In recent years, holographic microscopes using digital holography are proposed variously for improving conventional optical microscopes (for example, refer to non-patent document 1). In the case of a usual optical microscope, it is necessary to adjust the focal distance of an image formation lens when the position of a viewpoint changes, because depth of focus of the usual optical microscope is very shallow. Accordingly, it is not so easy to observe a microscopic subject like a microbe etc. moving frequently in a three-dimensional space using the optical microscope. A holographic microscope can reconstruct (reproduce) a image of an observation object at an arbitrary focal distance by numerical computation using a recorded hologram in which a spatial distribution of amplitude and phase of an object light from the observation object is recorded with a photodetector. Moreover, since the holographic microscope can reconstruct the phase distribution of object light, it is applicable to quantitative analysis of a light transmission object.
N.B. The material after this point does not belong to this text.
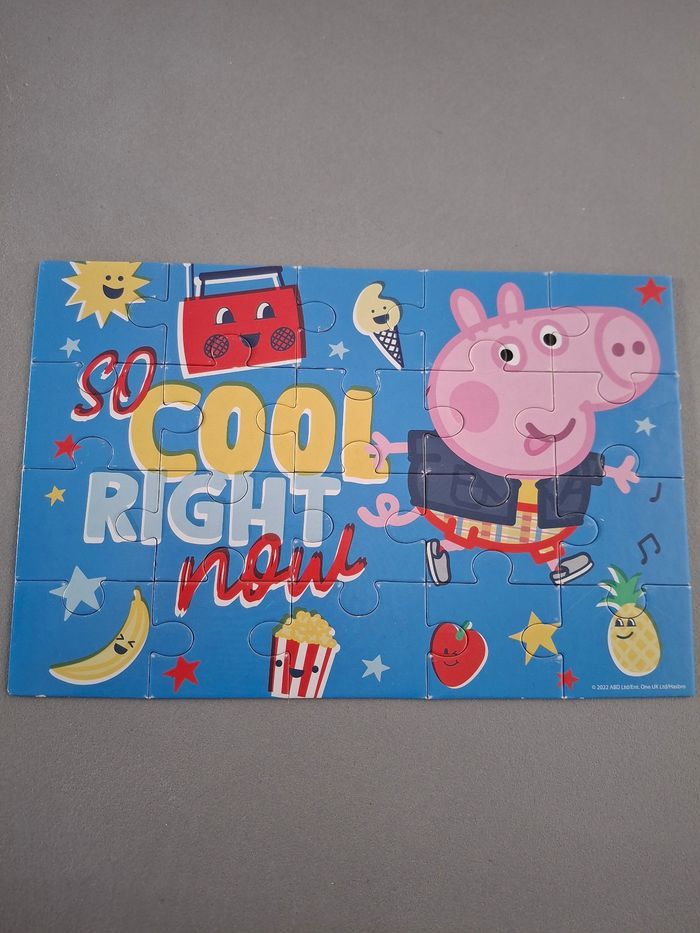 Boîte de 4 puzzles Peppa Pig 3ans - photo numéro 3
By the way, a holographic microscope is classified roughly two: one uses an image formation lens inserted between a microscopic subject and a photodetector; and the other does not use such an image formation lens. A magnified three-dimensional image can be recorded as a hologram by magnifying a three-dimensional image of a microscopic subject in front of a photodetector using an image formation lens, and a high-resolution image is easily obtained from this record hologram. However, if an image is magnified using an image formation lens, the depth of recordable space will be restricted or the depth of focus of a magnified image will become shallow. Moreover, since some distortion and out-of-focus arises in an image magnified by the lens, a right-shaped image can not be obtained. Furthermore, a lens cannot usually be used as-it-is, for example, underwater which differ from air, since a lens functions according to refractive index difference to the air at lens boundary. That is, since an image formation lens of a microscope is designed on an assumption for observing a photographic subject in air or a photographic subject of thin thickness covered with a cover glass, if a photographic subject is in a deep position in water not in air, an image recorded through such a lens becomes an image with some distortion or out-of-focus.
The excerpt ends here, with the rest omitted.